Kommentare zur Ampelkoalition "Zwei ausgewiesene Alphatiere im Kabinett"
09.12.2021, 12:25 Uhr
Der deutsche Regierungswechsel findet im Ausland große Beachtung, vor allem bei den EU-Partnern. Die dortigen Zeitungen verweisen auf die großen, auch internationalen Aufgaben - und vermissen auch ein bisschen Merkel.

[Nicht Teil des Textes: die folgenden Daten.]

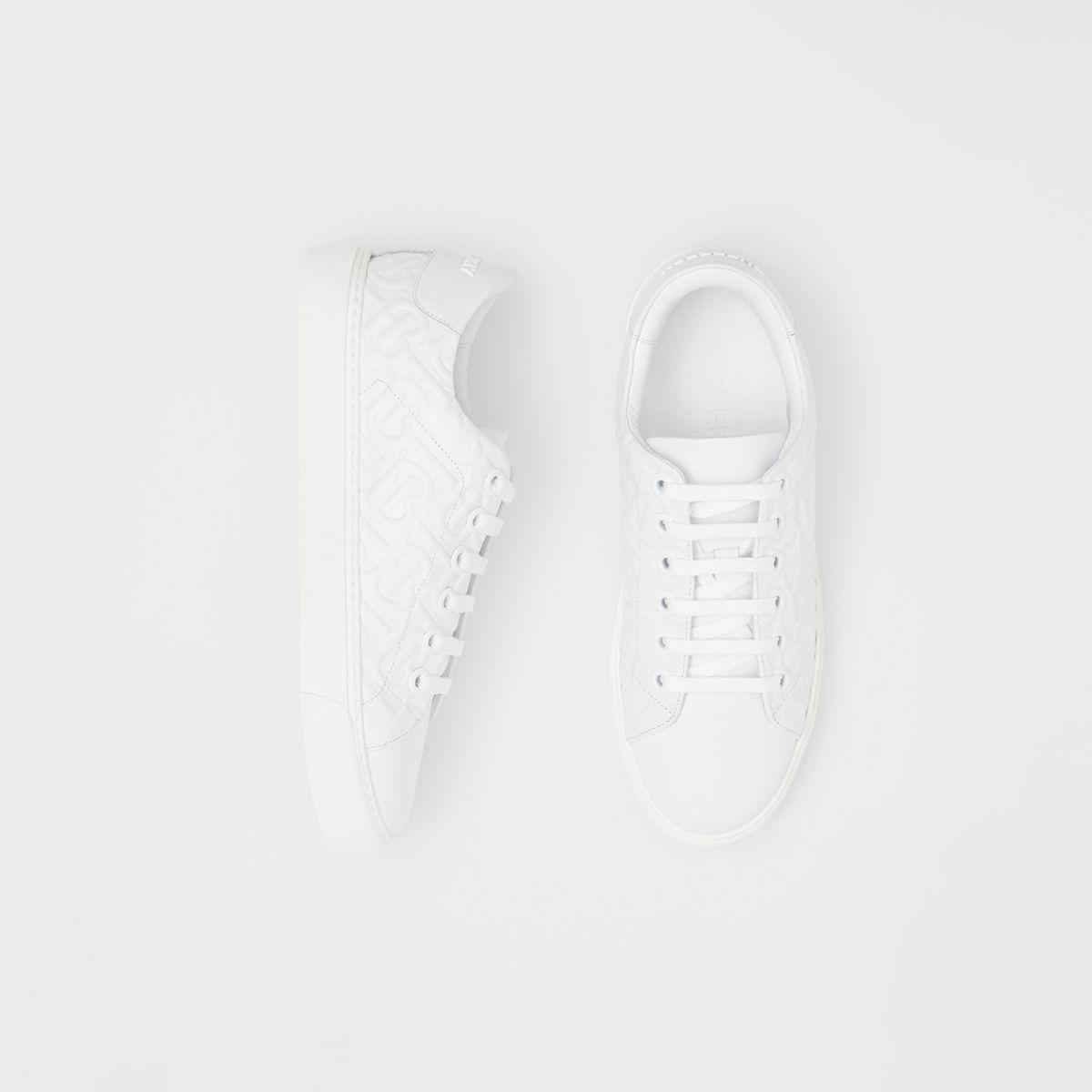 burberry monogram leather sneakers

"Es darf und soll in der Regierung mehr Auseinandersetzung und eine neue Lust auf konstruktives Streiten geben", schreibt der Wiener "Standard". "Allerdings lauern allerhand Fallstricke auf dem Weg der Ampel. Das Geld ist knapp, anders als Vorgängerregierungen muss die Ampel knapp kalkulieren, da die Corona-Hilfen gewaltige Löcher ins Budget gerissen haben." Auch die personelle Konstellation dürfte nicht immer einfach werden, heißt es weiter: "Scholz hat zwei ausgewiesene Alphatiere in seinem Kabinett sitzen. Super-Klima-Wirtschaftsminister Robert Habeck (Grüne) wird beweisen wollen, dass er der Beste ist, Finanzminister Christian Lindner (FDP) ihm dabei in nichts nachstehen." Extrem unter Druck seien die Grünen. "Sie wissen, dass sie beim Klimaschutz bald liefern müssen. Doch es braucht nicht viel Fantasie, um sich vorzustellen, dass Lindner als gestrenger neuer Kassenwart einiges nicht finanzieren möchte", schreibt die Zeitung.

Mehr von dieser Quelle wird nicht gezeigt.